On October 26, the National Academy of Sciences and the National Science
Teachers Association, in separate letters, informed the Kansas State
Department of Education that it could not use their organization's copyrighted
materials in the revision of the Kansas science standards. Both organizations
disagreed with the draft standards as they relate to the theory of evolution.
The Academy also disagreed with the redefinition of science in the Kansas
draft. The American Association for the Advancement of Science issued
a statement strongly supporting the action taken by both organizations.
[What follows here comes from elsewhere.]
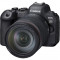 Фотоаппарат беззеркальный Canon EOS R6 Mark II Kit RF 24-105mm F4L IS USM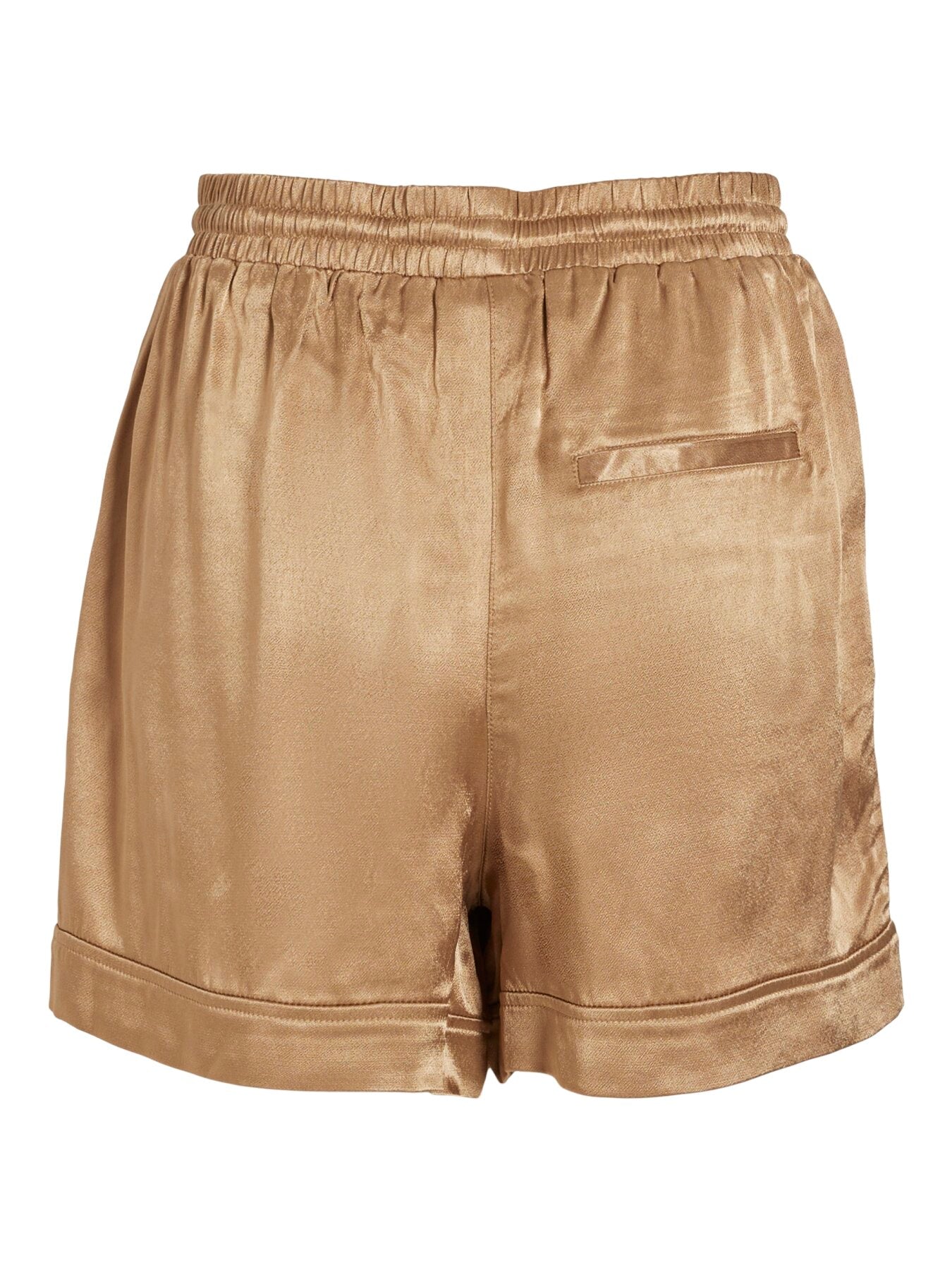 Shorts "gldWILLA" in bronze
The October 26 letters were addressed to Alexa Posny, Assistant Commissioner
of Education at the Kansas State Department of Education. The National
Academy letter, signed by its president, Ralph J. Cicerone, cites the
request by the co-chair of the Kansas standards revision committee to
"grant copyright permission to the Kansas State Board of Education
to use the NSES [the National Research Council's National Science
Education Standards] as a basis for the new Kansas standards, given
the considerable changes in the content of evolution and the nature
of science" in the proposed standard.
Cicerone noted "many positive changes in the current set of standards
compared with the 1999 version," for which the Academy also denied
copyright permission. Cicerone remarked that the new draft document
"recognizes the overwhelming scientific evidence that the earth
is billions of years old, that the Big Bang is currently the accepted
scientific explanation for the origins of the universe, and that evolutionary
mechanisms such as natural selection are the predominant explanations
for the diversity of life on Earth."
However, Cicerone stated, the Academy review of the new draft standards
"finds that evolution is singled out as an area of science where
there is major scientific controversy because of alleged weaknesses
in the theory." Citing "tens of thousands of peer-reviewed
papers" supporting and strengthening evolution "as the underlying
basis for understanding biology," Cicerone criticizes the draft
standards for attempting "to portray evolution as a theory in crisis."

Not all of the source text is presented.